The Clinton Administration


The Clinton Administration has shown a disturbing tendency to "legitimize" the use of American power by subordinating it to the U.N. or other multinational bodies. This policy of "assertive multilateralism," combined with the Administration's failure to develop sound criteria to govern decisions to participate in non-combat operations, has resulted in a dramatic increase in the number of such operations involving the United States that have little or no discernible benefit to the nation's security.

After the disaster in Somalia in the fall of 1993, the Administration took pains to distance itself, at least rhetorically, from the policy of assertive multilateralism. The evidence, however, suggests that the Administration remains psychologically wedded to this notion, especially when peacekeeping operations are being considered.

In Bosnia, the Administration's method of obtaining congressional approval for the operation could be characterized as "bait and switch." On November 27, 1995, the President promised that the deployment of U.S. troops would last only one year and incur limited costs. On December 2, 1995, President Clinton spoke to the troops at the U.S. Army base in Baumholder, Germany, declaring, "I pledged to the American people that I would not send you to Bosnia unless I was absolutely sure that the goals we set for you are clear, realistic, and achievable in about a year. This mission meets those essential standards." The Administration dispensed with the original timetable shortly after the November 1996 presidential election.

In December 1996, President Clinton committed the United States to an 18-month peacekeeping mission in Bosnia known as SFOR, which was scheduled to end in June 1998. 57 The President presented Congress a fait accompli: He knew Members would be reluctant to force a withdrawal through a funding cutoff while U.S. troops were on the ground.
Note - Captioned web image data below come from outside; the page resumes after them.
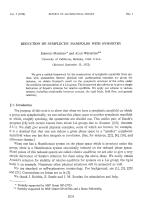 REDUCTION OF SYMPLECTIC MANIFOLDS WITH SYMMETRY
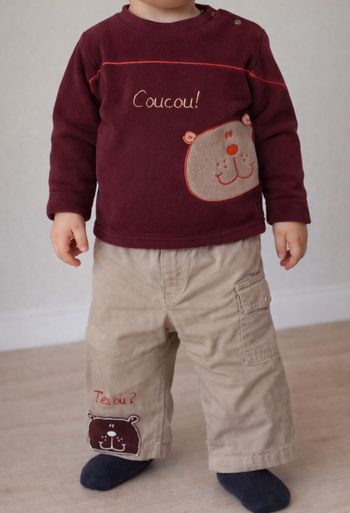 Ensemble bébé 12 mois pull + pantalon hiver In Extenso
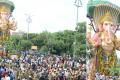 Khairatabad Ganesha being taken in procession for Nimajjanam on Tuesday Khairatabad Ganesha being taken in procession for Nimajjanam on Tuesday - Sakshi Post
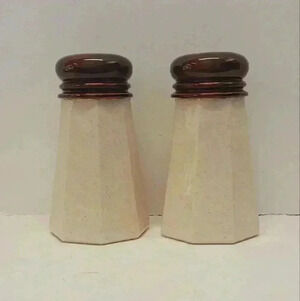 Vintage Retro Ceramic  Salt & Pepper Shakers Collectible 7"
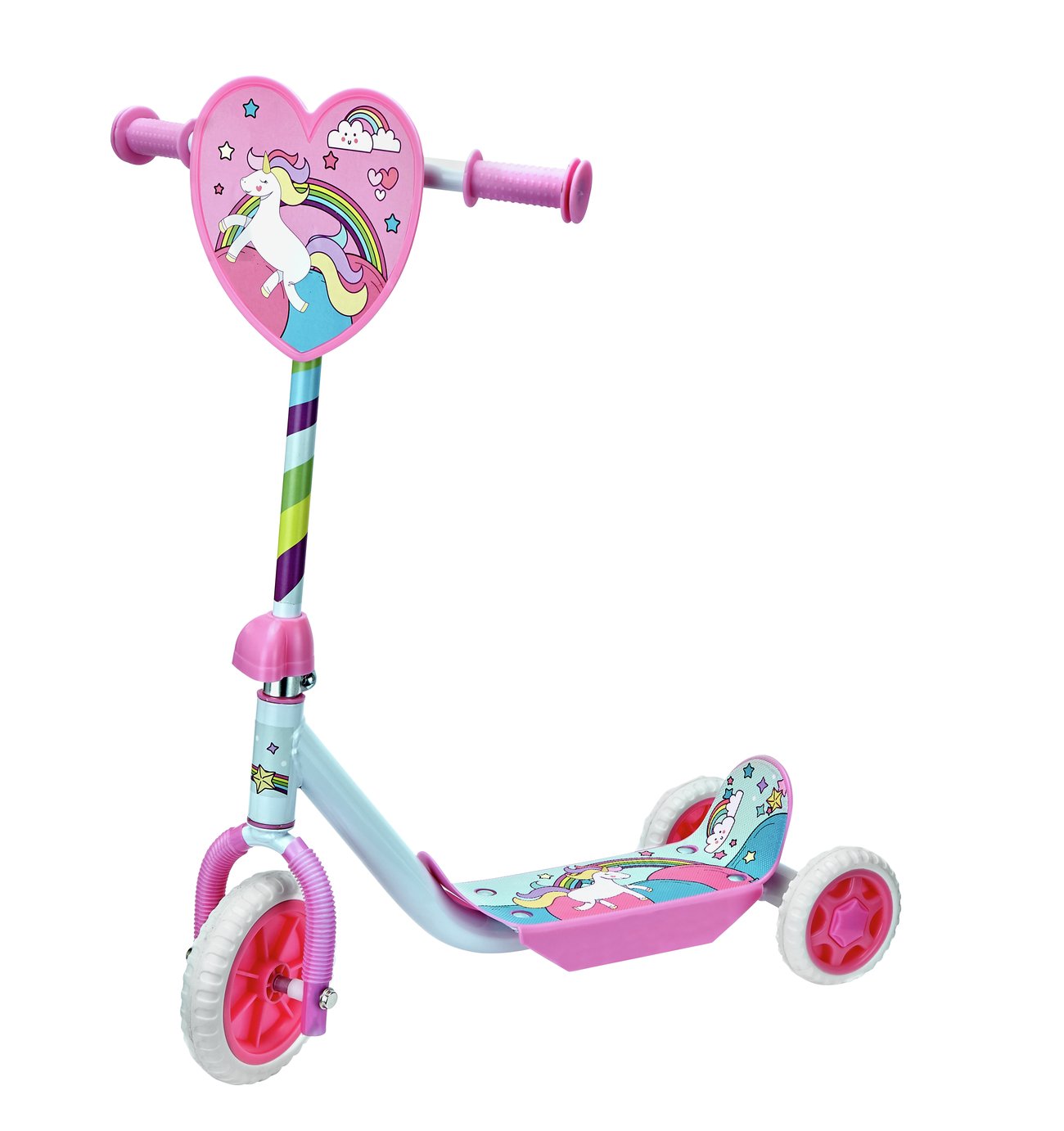 chad valley tilt and turn folding scooter pink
In December 1998, NATO agreed to prolong SFOR's mission indefinitely. Currently, there are about 32,000 troops stationed in Bosnia, of which 6,000 are American.

The President twice broke his pledge regarding a date for withdrawing the U.S. contingent in Bosnia, and now U.S. troops find themselves effectively committed to an open-ended mission with no exit strategy. On March 24, 1999, NATO forces began an air assault on Yugoslavia on the premise that Yugoslavian president Slobodan Milosevic's aggression against the Serbian republic of Kosovo was an unacceptable humanitarian crisis. One of the "objectives" of the air war was to compel Milosevic to allow international peacekeepers into Kosovo (which is part of the sovereign territory of Yugoslavia). From the outset of hostilities, then, it was clear that America's highly trained fighting forces would be subjected to a draining non-combat mission. On June 9, 1999, Milosevic agreed to the terms of the Military Technical Agreement, effectively ending hostilities, and allowing peacekeeping troops in Kosovo under a U.N.-led force known as KFOR.
Stung by criticism of his broken promises in Bosnia, the President took a different approach regarding the deployment of 6,000 U.S. peacekeeping troops to Kosovo. The Administration refuses to set any end date, stranding U.S. troops in an open-ended commitment.

Plans for the Kosovo "peace" operation call for 50,000 troops, to include 7,000 Americans. Taking into account the need to rotate troops periodically, this commitment would tie up an entire U.S. Army division for perhaps an entire generation. This will place additional stress on the U.S. military, stretched thin even before the Kosovo crises began in March 1999.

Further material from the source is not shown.